En 1975, un joven de 33 años trabajaba de carpintero en la oficina de Francis Ford Coppola en unos estudios de Los Ángeles. Le reclutó el diseñador de la reforma, amigo suyo. El carpintero puso una condición: “Vale, Dean, lo haré, pero sólo de noche”. Porque el joven carpintero era en realidad actor. Llevaba diez años en Hollywood, si bien actuando de manera esporádica por esos días, eligiendo en exclusiva los papeles que le interesaban. De ahí lo de la carpintería. Y lo de trabajar de noche: no por vergüenza de su labor, sino por saber que no le convenía ser visto en ese papel; ni por el dueño de la oficina (con quien había trabajado un año antes en La conversación) ni por otros de la llamada Industria. Pero una de esas noches el amanecer le pilló trabajando. Estaba en el suelo, instalando la puerta de la oficina, cuando emergieron por ella, entre otros, Francis Ford Coppola y George Lucas; este último, el otro director con quien había rodado más recientemente, en una de esas películas que también le interesó hacer, American Graffiti (1973). Así que tuvieron que darse los buenos días.
En 1975, un joven de 33 años trabajaba de carpintero en la oficina de Francis Ford Coppola en unos estudios de Los Ángeles
Al recordar esto casi treinta años después, en un encuentro en televisión con el director Sidney Pollack, el otrora carpintero no pudo evitar relacionarlo con otro momento muy similar acaecido a mediados de los años 60, casi recién llegado a Los Ángeles. Acudió a una entrevista de trabajo con Columbia Pictures que duró apenas “cinco minutos”. Al salir, esperando el ascensor, le entraron ganas de ir al baño. Al salir del baño se encontró con el tipo de la entrevista, que le preguntó si quería el contrato. Tuvo entonces la corazonada de que “si hubiera bajado directamente a la calle”, sin la inoportuna visita al servicio, aquel hombre nunca le habría vuelto a llamar. Igual que en la oficina de Coppola una década después: “Quizás si no llego a estar allí de rodillas, instalando esa puerta”, no hubiera ocurrido. Se refería a acabar enrolado en el casting de una película que, sobre el papel, a muchos se antojaba delirante por entonces: La guerra de las galaxias. (Él intuyó que sería un éxito, aunque “no entre gente mayor de 15 años”.)

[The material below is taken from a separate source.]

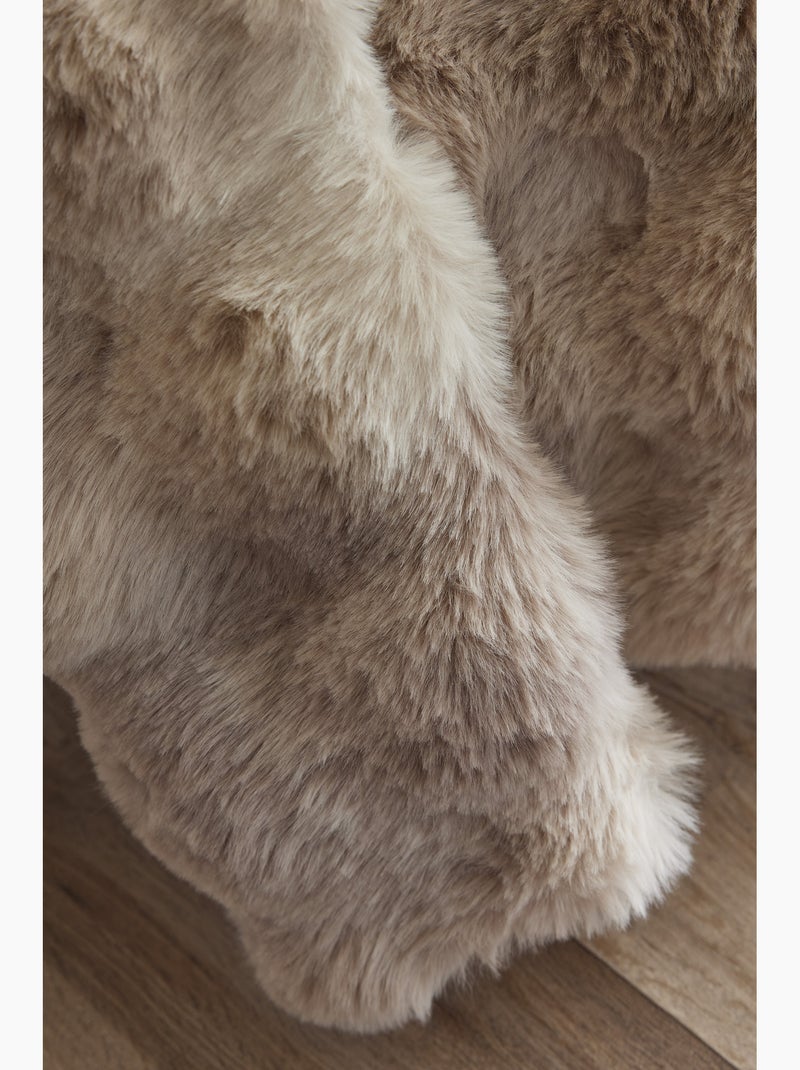 Plaid polyester fausse fourrure astra Sable - Kiabi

Pero George Lucas no estaba dispuesto a repetir con ningún actor con quien ya hubiera filmado. Lo que hizo fue pedir al carpintero que leyera las líneas del buscavidas galáctico Han Solo para probar a otros aspirantes al reparto, dándoles la réplica. “Trescientas personas” pasaron por delante de sus legendarias narices, relataba, hasta que –subyugado quizás por el peso de algo que más de uno llamaría destino–, Lucas se rindió: él era Han Solo. También ayudaría que, para entonces, el carpintero se sabría el papel de memoria.
Harrison Ford nació en Chicago en julio de 1942. Sus padres, Christopher y Dorothy, trabajaron para que fuera el primer universitario de la familia. Pero la experiencia fue sombría para él desde el principio, muy distante de la actividad que desplegó en el instituto. Se sentía al margen –confesaba en el reciente documental de Disney Héroes eternos–, desubicado y sin rumbo. Estudiaba Filosofía y Letras, en la universidad sin lustre de Ripon College, y no conseguía que las clases le entusiasmaran, cosa que se reflejaba en sus notas. Un día se le ocurrió matricularse en alguna asignatura de las fáciles con el objetivo de subir la media. Iba buscando otra cosa cuando dio con Teatro. Al principio le temblaron las piernas. Pero fue allí donde encontró a sus semejantes: “Aquél sí era mi lugar. Por primera vez me sentía emocionalmente implicado con lo que hacía”. (… Pero: ¿fue casual esa decisión? ¿No tendría algo que ver, allá al fondo, con que sus progenitores hubieran actuado en radionovelas, y uno de sus abuelos en vodeviles…?)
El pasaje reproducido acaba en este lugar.